Д.Быков: Дмитриев больше всех за последнее время сделал для разоблачения преступлений режима

«Можно ли пару слов об отношении Набокова с богом?» Целая книга написана об этом, это книга Михаила Шульмана «Набоков-писатель», где подробно расписано, что главная идея Набокова – это потусторонность. Во многом есть у меня стилистические претензии к этой книге, но это мое частное дело. Мне кажется, что творчество Набокова в огромной степени растет из русского символизма и, в частности, «Pale Fire» был задуман именно как пересказ «Творимой легенды». Почему-то эти связи с Сологубом совершенно не отслежены. Ведь королева Белинда, королева дальнего государства на севере, которая должна была стать двойником жены Синеусова в недописанном романе «Ultima Thule», и история Земблы, которую рассказывает Кинбот-Боткин, – это все пришло из «Творимой легенды» Сологуба. По Набокову, человек живет в двух реальностях: нынешняя реальность, в которой живем мы, «только отблеск, только тени от незримого очами».

Это такой неоплатнизм, символистское мировоззрение, и естественно, что мир Набокова религиозен, гармоничен.
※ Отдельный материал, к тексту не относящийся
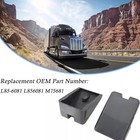 2 X Hood Bumper Support L85-6081 For Peterbilt 567 579 Kenworth T680 T880 M75681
В огромной степени весь Набоков растет весь из «арзамасского ужаса» Толстого и из толстовского рассказа «Записки сумасшедшего». Если вы перечитаете «Записки сумасшедшего» и сравните их с тем, что переживает Фальтер в той же гостинице – «ужас красный, белый, квадратный», – да еще, по совету Александра Долинина в нашем с ним разговоре, привлечете к этому рассказ Набокова «Ужас», то вы поймете генезис набоковских и толстовских представлений. Это когнитивный диссонанс души, которая, столкнувшись с ужасом смерти, не может сделать следующего шага – понять свое бессмертие. Набоков сделал этот шаг, он понял. Он говорил: «Как сумасшедший сознает себя богом, так мы сознаем, что мы смертны», так говорил выдуманный им Пьер Делаланд. Соответственно, отношения Набокова с богом тесно завязаны на идее бессмертия. Правда, у него есть мысль о том, что эти две бездны – бог и бессмертие, – может быть, не тождественны, а едва-едва пересекаются. Но они пересекаются, потому что зрение, освободившись от тела, видит во все стороны вокруг. Это у него много раз повторяется. И в «Приглашении на казнь», и особенно в «Bend Sinister» подчеркивается, что смерть – это выход из дурной пьесы. «Можно пойти к существам, подобным ему».

«Почему все называют Горького «пролетарским писателем»? Я бы его назвал религиозно- философским». Одно другому не мешает: пролетарский писатель вполне себе может быть религиозно-философским. И даже я скажу вам больше… Правда, Горький не совсем тянет на религиозно-философского писателя. Если взять его богостроительскую вещь «Исповедь», там доказывается, что бога еще нет, но он будет. Это интересная точка зрения, но на уровне каламбура. А если говорить о Горьком всерьез, то мне представляется, что он гениальный новеллист, замечательный сюжетчик, писатель и не пролетарский, и не религиозно-философский, а он просто такой замечательный критик концепции человека, он писатель античеловеческий. Ему кажется, что человек – это проект, который надо переплавить, переделать. Эта же мысль и в рассказах о босяках, и в чудовищном очерке «Соловки», и в очерках о куряжской коммуне Макаренко. Он видит в человеке продукт переплавки. Одни называют куряжскую коммуну колонией, другие – все-таки коммуной, и непонятно, что ближе к истине, но в Соловках точно лагерь, а Горький видит там переплавку человека. Вот Горький – критик концепции человека. Между прочим, у Шаламова на человека такой же негативистский взгляд. Можно ли это назвать религиозно-философской концепцией – трудно сказать.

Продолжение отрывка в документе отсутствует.